Task: All of the data should be repeated exactly; pictures are not part of the copy.

Data for review:
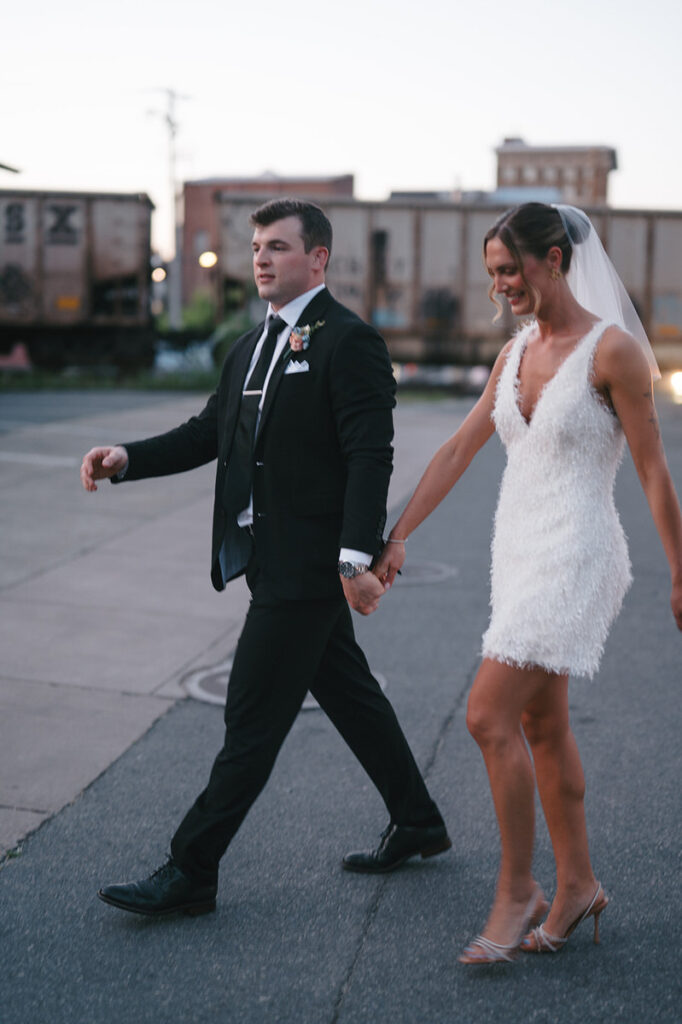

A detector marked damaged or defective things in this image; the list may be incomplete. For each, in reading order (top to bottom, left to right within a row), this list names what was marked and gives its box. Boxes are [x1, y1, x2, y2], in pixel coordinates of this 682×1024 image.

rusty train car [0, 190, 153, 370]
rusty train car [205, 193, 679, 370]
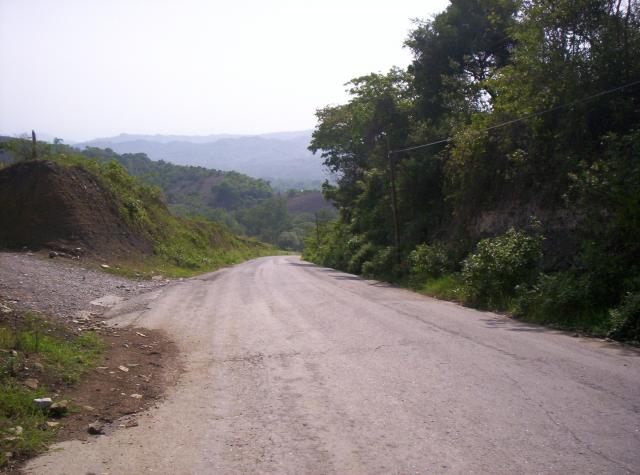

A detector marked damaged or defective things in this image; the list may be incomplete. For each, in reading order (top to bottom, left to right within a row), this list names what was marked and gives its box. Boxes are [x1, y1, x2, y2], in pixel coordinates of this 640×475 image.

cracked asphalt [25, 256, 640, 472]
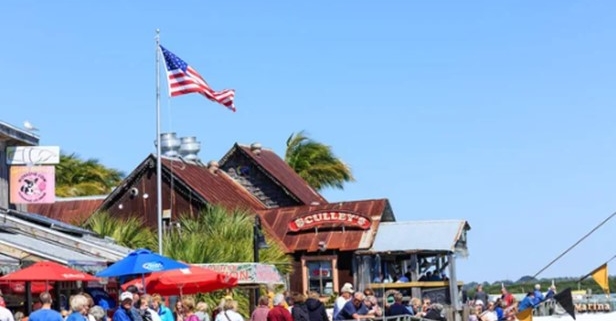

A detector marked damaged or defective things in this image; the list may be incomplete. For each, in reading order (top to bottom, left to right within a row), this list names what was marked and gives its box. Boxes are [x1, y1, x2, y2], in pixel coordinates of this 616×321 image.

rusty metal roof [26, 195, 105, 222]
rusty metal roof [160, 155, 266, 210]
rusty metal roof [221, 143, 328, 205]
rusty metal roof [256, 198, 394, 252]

Written response:
A detector marked damaged or defective things in this image; the list may be incomplete. For each, in reading order (top to bottom, left to right within a row), this list names what was marked and gives its box. Boxes are [x1, y1, x2, y2], in pixel coordinates of this 682×1024 image.

rusty train car [0, 190, 153, 370]
rusty train car [205, 193, 679, 370]

A detector marked damaged or defective things in this image; the list may be incomplete. For each, in reading order (top to bottom, left to right within a row), this list names what was marked and gives its box. Boxes are [x1, y1, x2, y2], in pixel coordinates of this 640×475 image.

cracked asphalt [25, 256, 640, 472]

A detector marked damaged or defective things in this image; the list may be incomplete. For each, in reading order (top to bottom, left to right within a row), this list names what was marked and gives its box. Boxes are [x1, y1, x2, y2], in pixel coordinates of this 616×321 image.

rusty metal roof [26, 195, 105, 222]
rusty metal roof [160, 155, 266, 210]
rusty metal roof [221, 143, 328, 205]
rusty metal roof [256, 198, 394, 252]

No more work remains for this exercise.